I can’t really put my finger on it, but The Spider and The Fly by Claudia Rowe reminded me of “Spy versus Spy”; two people trying to get under the skin of each other; picking one another’s brain, each endeavouring to manipulate the other.
Claudia has been twice nominated for the Pulitzer Prize and is an award-winning journalist who became obsessed with a case where horror was heaped upon horror. The fact that both Claudia and her target, Kendall Francois, have troubled backgrounds merely adds lustre to the piece.
It gets more personal because eight women are killed and the fact that the bodies are stored in various places around the murderer’s house, where his mother, father and sister still lived at the time, lends a whole new surreal air and gruesomeness to the tale, especially when the book is supposed to be about the author trying to research the background to the murderer’s mentality.
The murderer and the author play off each other, both with their insecurities. You can’t help but think of bodies in the attic slowly rotting and the killer passing the odours off as a “dead racoon” after he’d committed the atrocities and rushing up there to wipe down the bodies and deaden the putrid smell.
The scenario inside the house is something I’ll leave to the reader because the intimate details are mind boggling and beyond the boundaries of normality.
Quite a deal of Claudia’s research is done with parents of the deceased. The intricacies of their relationships are compared to her own and to Kendall’s.
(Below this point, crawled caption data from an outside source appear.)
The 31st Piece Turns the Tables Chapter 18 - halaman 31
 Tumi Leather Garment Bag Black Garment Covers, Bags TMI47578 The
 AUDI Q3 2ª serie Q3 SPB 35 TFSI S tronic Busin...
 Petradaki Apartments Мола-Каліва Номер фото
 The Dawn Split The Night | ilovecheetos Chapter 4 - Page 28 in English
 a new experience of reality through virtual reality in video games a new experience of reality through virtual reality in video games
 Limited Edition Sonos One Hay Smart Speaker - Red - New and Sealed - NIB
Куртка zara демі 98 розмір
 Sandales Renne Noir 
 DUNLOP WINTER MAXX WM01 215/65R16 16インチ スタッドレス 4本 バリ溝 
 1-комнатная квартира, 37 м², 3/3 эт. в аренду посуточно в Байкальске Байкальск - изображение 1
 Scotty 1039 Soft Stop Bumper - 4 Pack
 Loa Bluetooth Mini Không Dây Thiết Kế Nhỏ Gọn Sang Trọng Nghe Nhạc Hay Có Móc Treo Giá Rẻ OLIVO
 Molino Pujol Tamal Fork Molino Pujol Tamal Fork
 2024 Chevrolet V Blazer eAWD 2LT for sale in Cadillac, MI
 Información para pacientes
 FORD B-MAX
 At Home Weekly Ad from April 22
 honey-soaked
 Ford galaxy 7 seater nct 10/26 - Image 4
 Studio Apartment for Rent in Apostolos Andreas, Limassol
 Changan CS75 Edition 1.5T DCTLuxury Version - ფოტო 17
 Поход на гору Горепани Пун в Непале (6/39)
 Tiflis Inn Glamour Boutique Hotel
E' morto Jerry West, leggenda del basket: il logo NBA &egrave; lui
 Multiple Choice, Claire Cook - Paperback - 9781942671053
They all have one key ingredient it seemed to me – lack of communication on a meaningful level.
The numerous correspondence and few actual meetings in prison with Kendall lead to a greater depth but never total understanding of the actions of this huge man, whose obesity, coupled with 6’4” frame, made him a target for the wrestling teams in school but, so often, his meeker side took over and he could be beaten by someone half his size.
I’m confident that other readers will be akin to me in wondering who is the spider and who is the fly. They both appear to be reeling one another in, though understandably, for different reasons.
In psychological crime, I’ve previously read I found it not that complex to understand what was going on inside the perpetrator’s mind. Kendall’s mind was like surf washing on a beach; one minute there’s something there, the next, nothing, and then he could withdraw as quickly as the blink of the proverbial eye.
Being there with Claudia as she interviewed him in prison was different, at times scary, at others so meek. Here was a mixed personality of the extreme.
Meanwhile, on the homefront, obsessed Claudia is slowly, but inevitably, going through a breakdown in her relationship with her partner, the main catalyst being the time spent on communication with Kendall though there are fairly obvious personality differences with her partner that fuel the eventual separation.
This causes her to become something of a recluse, living in varying virtual slum-like accommodation until she finally snaps and takes off, without notice, to the other side of America to start a new life and come to terms with who she really wants to be.
In this, she succeeds and it’s not until a decade later that she returns, revisits the police and some others involved in the story and then finally we see “The Spider and the Fly”. One of the two participants has broken away from the web, the other didn’t make it.
An eminently readable work for those who like their crime from the real world, a recommend from me.